Croatian Australians are Australian citizens of Croatian ancestry. Croatia has been a source of migrants to Australia, particularly in the 1960s and 1970s. In 2021, 200,000 persons resident in Australia (0.6%) identified themselves as having Croatian ancestry.

History 

Croats were first noticeable in Australia during the gold rushes of the 1850s in the province of Victoria. At this time, Croats were coded as "Austrians" because most of Croatia was a part of the Habsburg Empire. By Federation of Australia in 1901, there were many Croats—mainly from Dalmatia—in Australia, counted with Czechs, Hungarians, Serbs, Slovaks and others as "Austro-Hungarians". The establishment of the Kingdom of Serbs, Croats and Slovenes from Austria-Hungary after the First World War — renamed as Yugoslavia shortly afterwards —continued to make it difficult to separate out Croats from other ethnicities in Australia. Croats were not recorded separately until the 1996 Census.
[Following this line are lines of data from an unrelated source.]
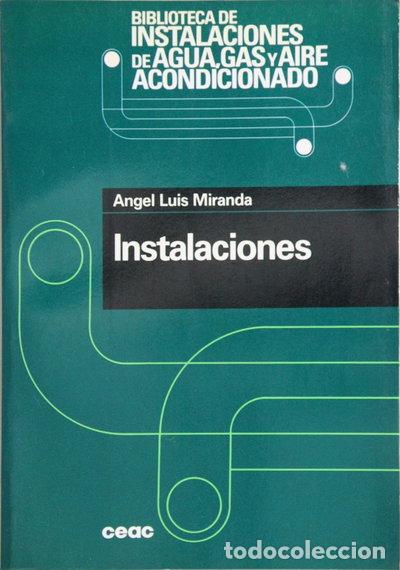 Libros: Instalaciones- 9788432965111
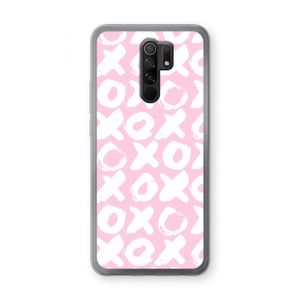 XOXO: Xiaomi Redmi 9 Transparant Hoesje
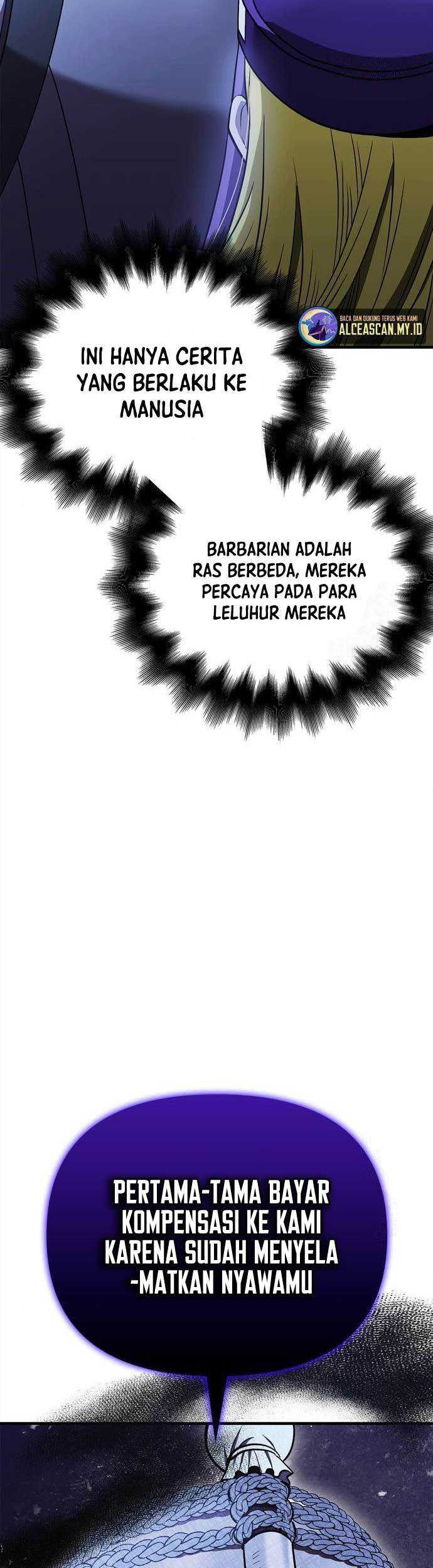 Survive as a Barbarian in the Game Chapter 41 - halaman 57
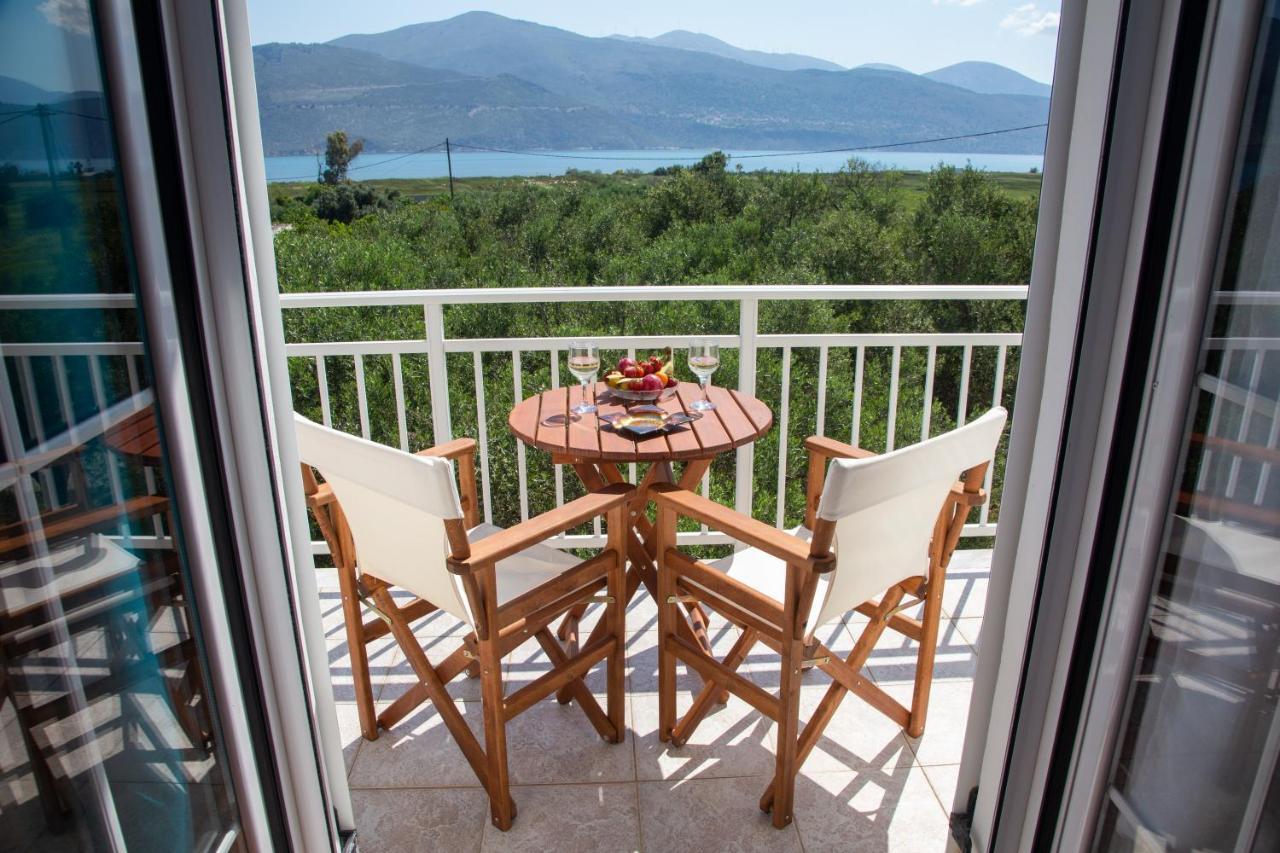 Sea & Olives House Σπίτι διακοπών Ληξούρι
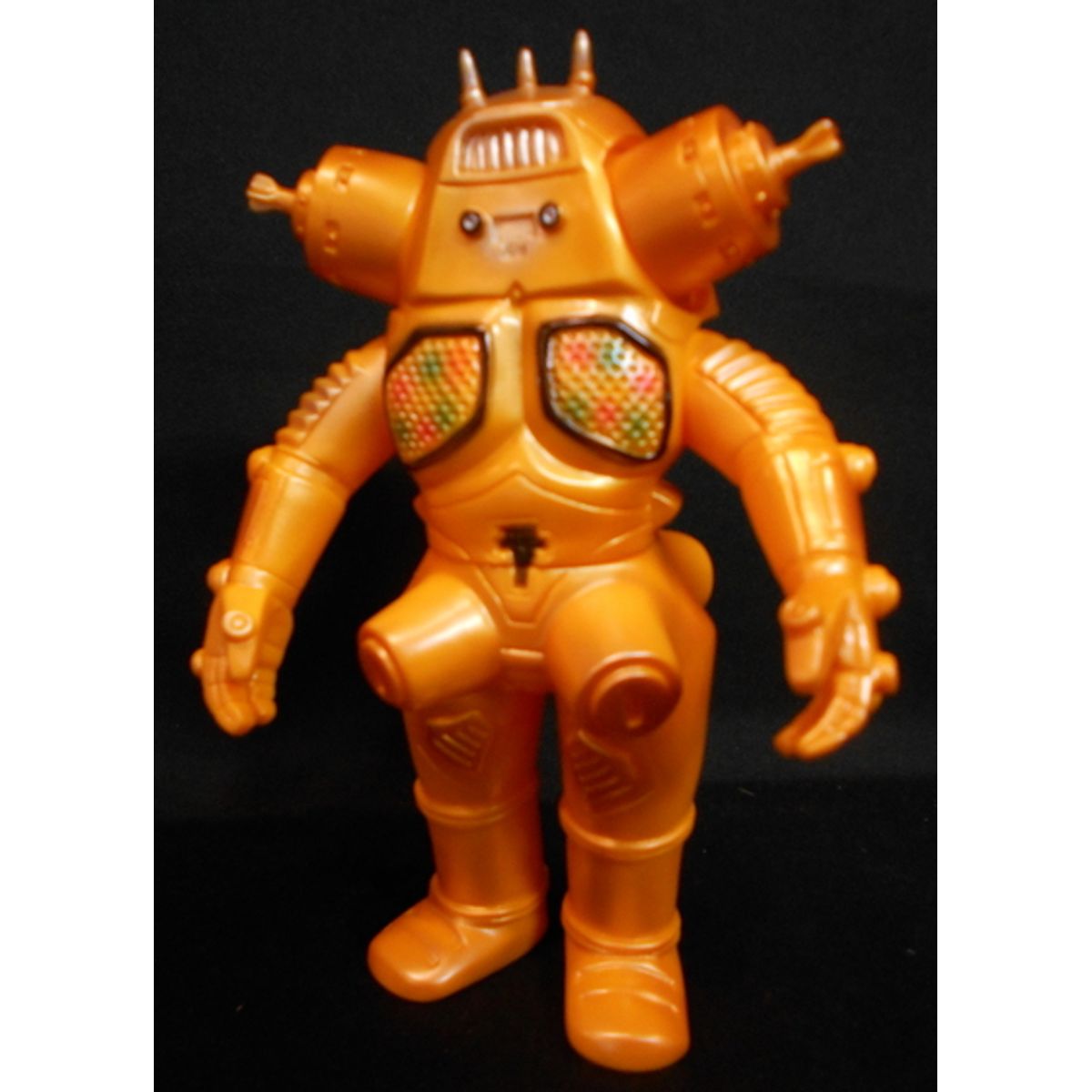 New Bullmark Soft Vinyl reprint Monsters Series [ King Joe ]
The Australian Department of Immigration believes many Croats holding old (and now long out of date) Yugoslav passports still record themselves as Yugoslavs in Australian censuses, over a decade after the disintegration of Yugoslavia.
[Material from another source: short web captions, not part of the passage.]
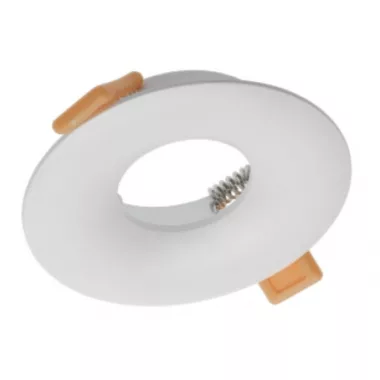 GTV OP-OPRKWT-10 Süllyesztett négyzet alakú spot lámpatest, fehér színben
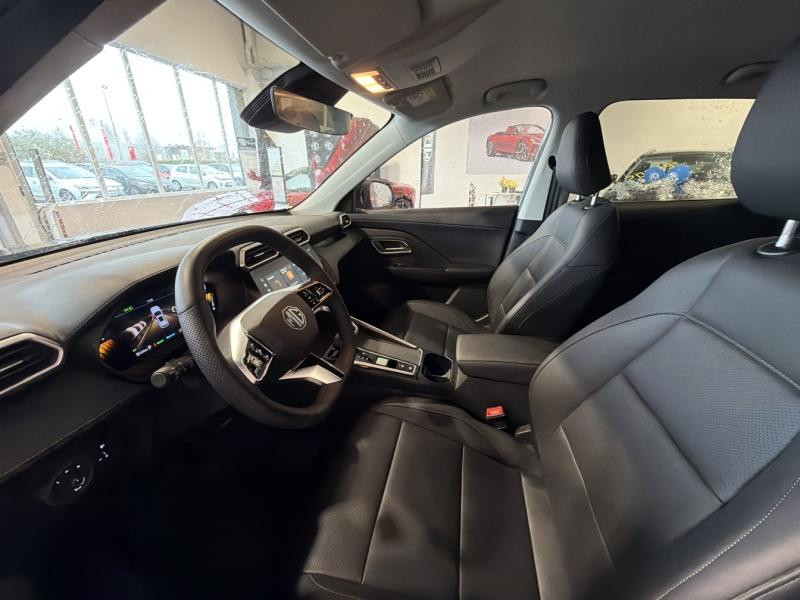 MG MOTOR ZS Hybrid+ 197ch Luxury  occasion � Saint-Maximin - photo n�10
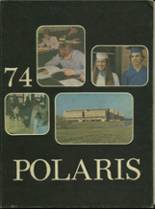 McCluer North High School 1974 yearbook cover photo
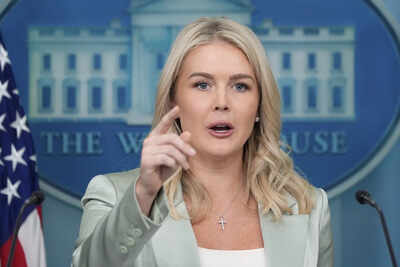 ‘President Trump had no idea’: Karoline Leavitt denies White House role in ABC shelving Jimmy Kimmel; blasts Obama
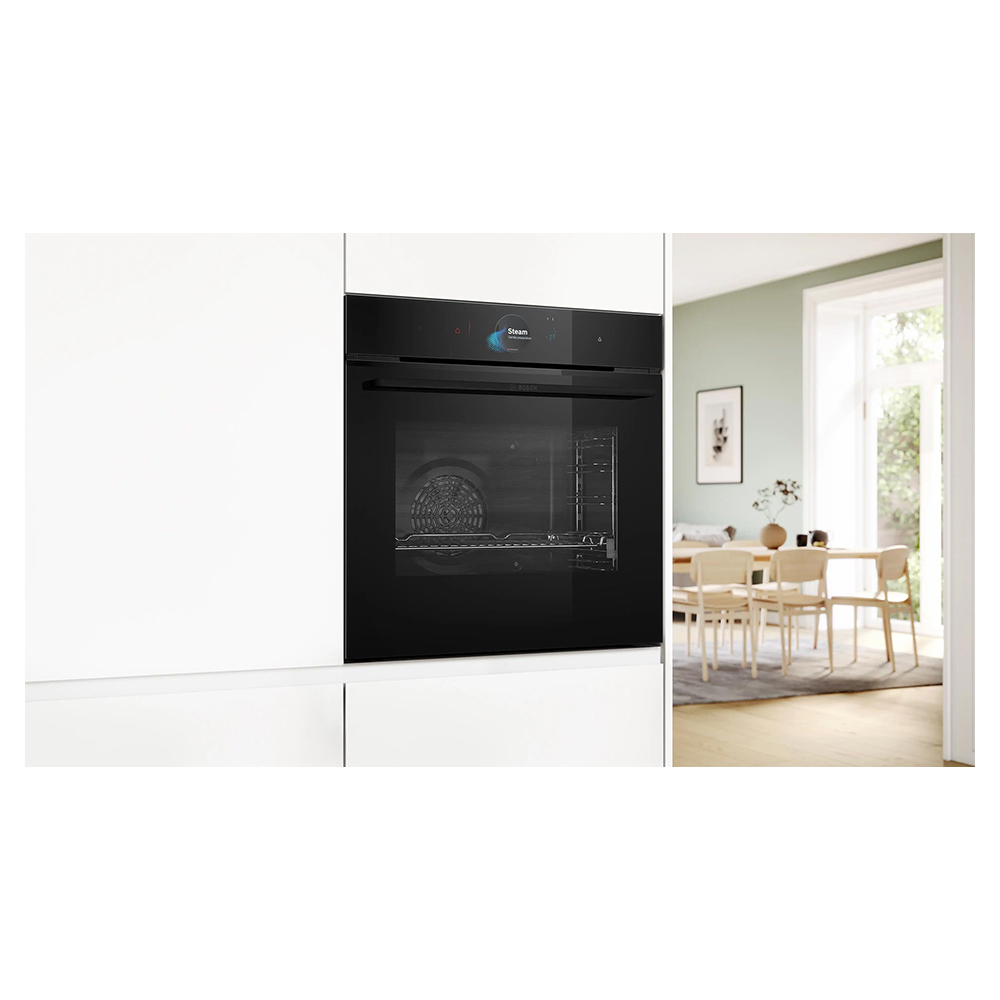 Встраиваемый духовой шкаф Bosch HRG978NB1 photo 6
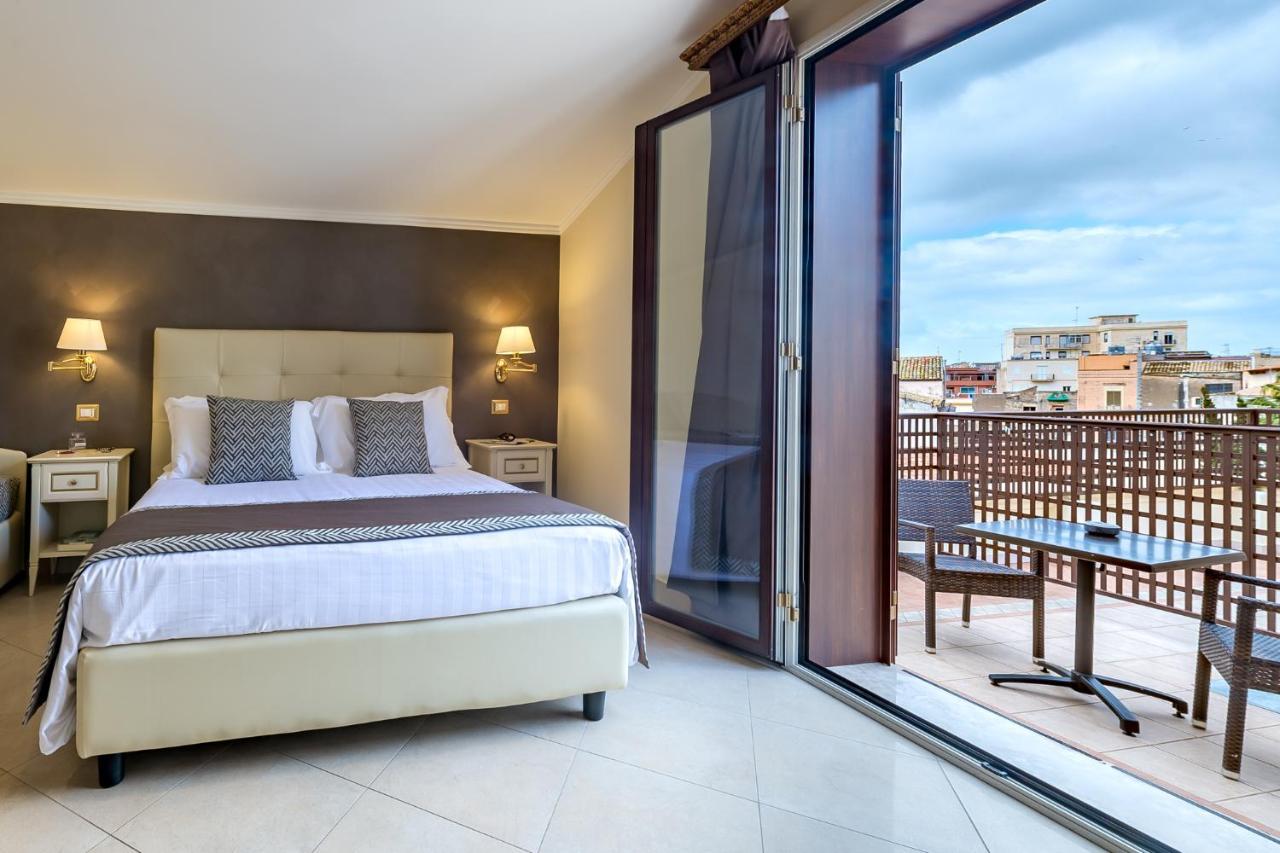 Vittorio Emanuele Boutique Hotel Sciacca Εξωτερικό φωτογραφία
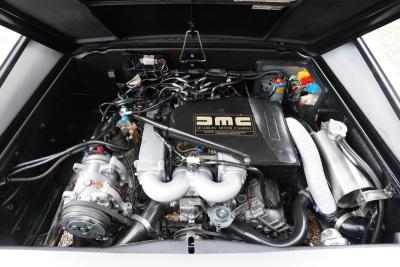 1982 DeLorean DMC-12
There is also a community of Croats who follow Islam, the descendants of those who converted after the 16th century, after the conquest of much of Croatia and Bosnia by the Ottomans. They established their Croatian Islamic Centre in Maidstone. with a masjid. Croatian Seventh-Day Adventists meet in St. Albans and Springvale, while in Sydney they meet in Dundas. There are Croatian-speaking Catholic congregations throughout Melbourne, Sydney, Adelaide, Canberra and Perth. St Nikola Tavelic Church in Clifton Hill is an important religious centre for Croats in Melbourne. 
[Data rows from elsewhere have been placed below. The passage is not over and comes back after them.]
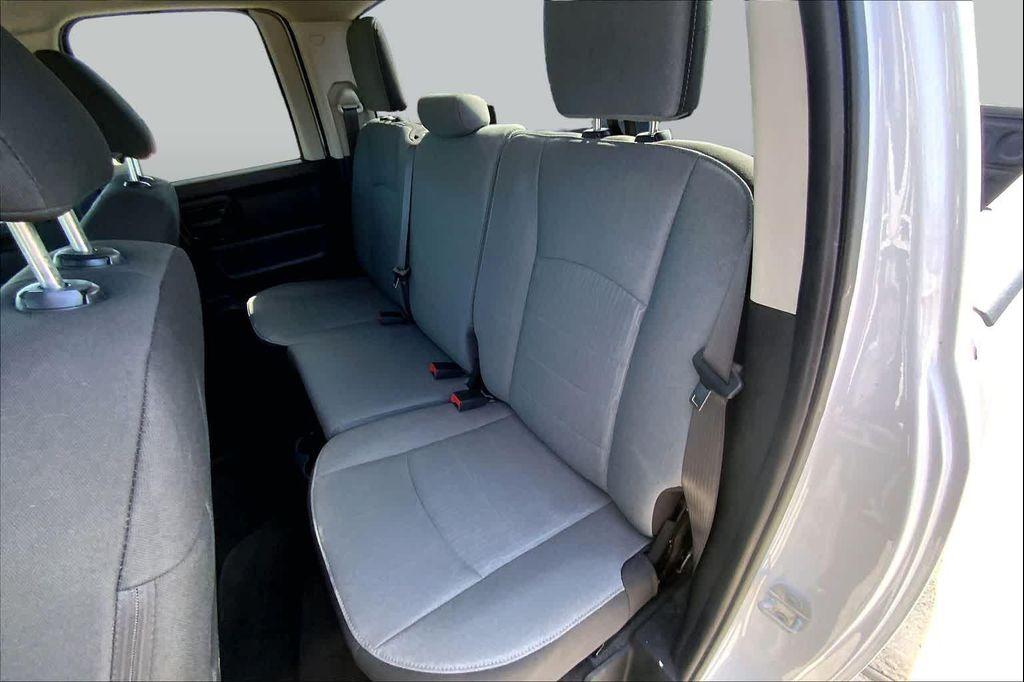 used 2022 Ram 1500 car, priced at $14,921
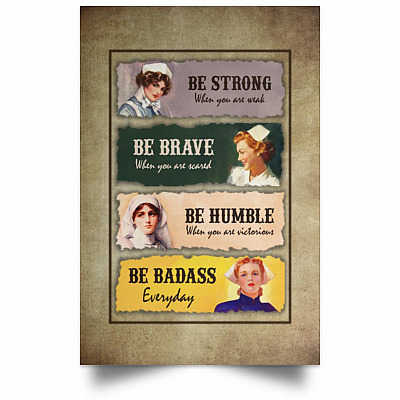 Unframed Poster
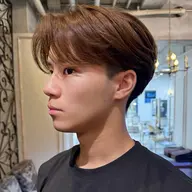 カット+カラー+パーマ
Nevertheless, it is known that Croats formed a large proportion of those Yugoslavs who settled in Australia the 1960s and 1970s under Australian Government migration schemes. The Yugoslavia-born population reached 129,616 by the 1971 Census and 160,479 by the 1991 Census. The greatest number settled in Sydney and Melbourne, though Croats are well represented in every Australian city and region.

During the 1960s and 1970s, many Croatians were constantly under ASIO surveillance for alleged terrorist activities organised by the Yugoslav secret service, several of whom were named in the media. Some of the longest running and most expensive court cases in Australian history involved Croatians charged with terrorism-related charges that were proven falsified, including the 'Croatian Six' who were convicted on tainted evidence. Federal Attorney-General Lionel Murphy created a media sensation when he led a raid on ASIO Headquarters looking for files on Croatian terrorist activities and not finding any at all, spurred on by claims of non-surveillance by ASIO and that ASIO focused too much of its time on student anti-war groups instead of terrorist groups, though there may have been no terrorist activities for ASIO to investigate.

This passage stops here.